It is, but it also leaks information. Now people know you're looking at those IP addresses. If you were going to leak that, a major news outlet is probably not the place you want it to leak to.

You might be right and it might be an easy cover for a fishing expedition, but it doesn't seem inherently malicious on its face.

3 comments

They could hash them if that really was the problem.
That's only 4 billion hashes to search the entire IPv4 address space. I don't think the entire search space is big enough for that really to provide much privacy while still being functional. Whatever you put in the way, that's somewhere in the neighbourhood of cracking a 6 character lowercase+number password.
But this is a rare case where you can use a derivation-extension function like PBKDF2 to make the hashing take practically any amount of time you want. You could probably make each run take a full minute on USA Today's hardware and still have your results in a reasonable amount of time.
How about adding a salt?

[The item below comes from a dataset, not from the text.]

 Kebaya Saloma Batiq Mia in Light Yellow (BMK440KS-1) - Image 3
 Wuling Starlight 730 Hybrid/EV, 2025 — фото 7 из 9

Check your records and if sha256([salt] + ipaddress]) matches this hash, let us know. Where salt is a long random string.
You could still enumerate every option in practically no time.
Oh yes, you are right. Obviously, do not hire me for any kind of information security. Lol.
Subpoenas leak IP addresses all the time. It's not a big deal if the org being subpoenaed isn't a suspect.
Maybe a technique like « give us the IPs that start with xxxxx » be a compromise between the two?
That is not a compromise, it's giving away information about people who read an article.